Work item
Set down the data that follows, exactly and completely.

Source material
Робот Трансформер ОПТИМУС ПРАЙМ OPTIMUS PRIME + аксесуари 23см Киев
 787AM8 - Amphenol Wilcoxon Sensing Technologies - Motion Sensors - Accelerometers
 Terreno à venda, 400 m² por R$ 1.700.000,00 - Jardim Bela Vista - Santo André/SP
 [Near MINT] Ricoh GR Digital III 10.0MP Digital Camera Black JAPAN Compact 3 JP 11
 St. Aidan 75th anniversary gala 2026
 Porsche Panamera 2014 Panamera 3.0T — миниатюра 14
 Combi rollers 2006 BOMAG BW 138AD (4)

Problem solution
Робот Трансформер ОПТИМУС ПРАЙМ OPTIMUS PRIME + аксесуари 23см Киев
 787AM8 - Amphenol Wilcoxon Sensing Technologies - Motion Sensors - Accelerometers
 Terreno à venda, 400 m² por R$ 1.700.000,00 - Jardim Bela Vista - Santo André/SP
 [Near MINT] Ricoh GR Digital III 10.0MP Digital Camera Black JAPAN Compact 3 JP 11
 St. Aidan 75th anniversary gala 2026
 Porsche Panamera 2014 Panamera 3.0T — миниатюра 14
 Combi rollers 2006 BOMAG BW 138AD (4)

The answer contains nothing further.